Armenian Genocide Not Legally Founded
We join the Turkish-American citizens of California, members of the Pax Turcica Institute, to oppose Assembly Bill 659. Introduced by Assemblymember Adrin Nazarian, AB 659 seeks to impose the one-sided and legally unfounded “Armenian genocide” narrative in the history-social science curricula of our public schools.
As acts of crime, all genocides, including the Holocaust, Srebrenica, and Rwanda, have been determined through relevant court tribunals and verdicts. In contrast, the atrocities in the Ottoman Empire were never tried in any court. No legal ground to charge the crime of genocide was ever established. Last month, in the landmark Perincek vs. Switzerland decision, the European Court of Human Rights ruled that genocide is “a very narrowly defined legal notion which is difficult to prove” in the Armenian case. ECHR also doubted that there could be a general consensus on the alleged “Armenian genocide” as it remains a matter of historical debate. In 2012, then Secretary of State Hillary Clinton expressed the same position.

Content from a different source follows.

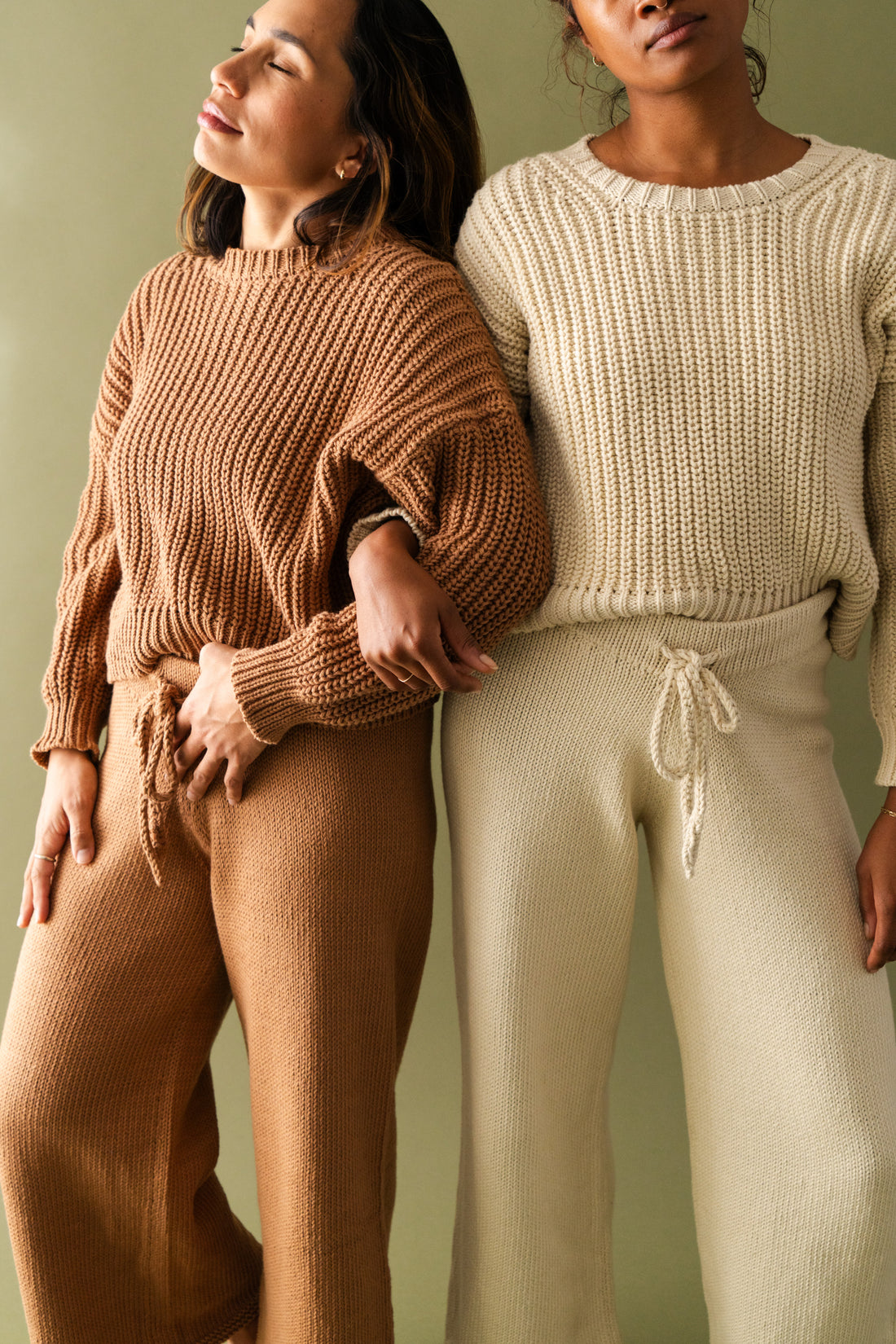 Organic Cotton Crewneck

Reputable American scholars, including Bernard Lewis, Stanford Shaw, Guenter Lewy, Justin McCarthy, Edward J. Erickson, and Michael Gunter, have rejected the characterization of the Ottoman Armenian tragedy as genocide.
Furthermore, during World War I, over half a million Turks, Kurds, and other Muslims were massacred by the Armenian armed groups, fighting alongside the Russian, Greek, and French armies, with an aim to carve an ethnic Armenian state. While we share the pain of innocent Armenians who perished in World War I, memories of the non-Armenian victims are insulted by this bill.
AB 659’s advocacy of an unfounded allegation of a crime constitutes an educational malpractice. Therefore, we urge a vote against this bill when it comes to the floor. The young generations should have a choice not to be indoctrinated using a single disputed viewpoint.